◆ ASSIGNED TASK: Return only that part of the material below which starts with the line containing "비상 램프용 BMS LED" and goes on through the line containing "Noice, Dark, Gamer, Games, Gaming, Logo", restated exactly.

◆ AVAILABLE DATA:
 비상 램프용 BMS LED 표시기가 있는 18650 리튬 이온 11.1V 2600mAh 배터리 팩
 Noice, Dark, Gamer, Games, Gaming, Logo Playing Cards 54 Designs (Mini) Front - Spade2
==
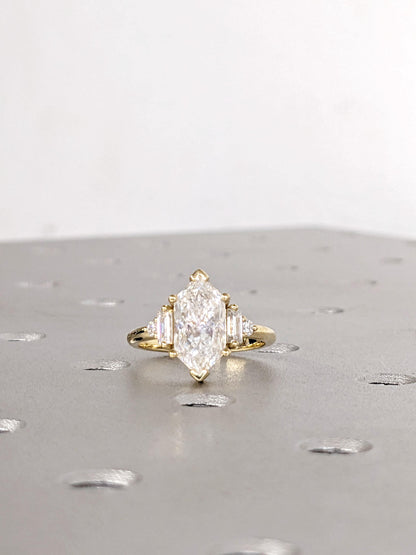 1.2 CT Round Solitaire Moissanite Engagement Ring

◆ SOLVED PROBLEM:
 비상 램프용 BMS LED 표시기가 있는 18650 리튬 이온 11.1V 2600mAh 배터리 팩
 Noice, Dark, Gamer, Games, Gaming, Logo Playing Cards 54 Designs (Mini) Front - Spade2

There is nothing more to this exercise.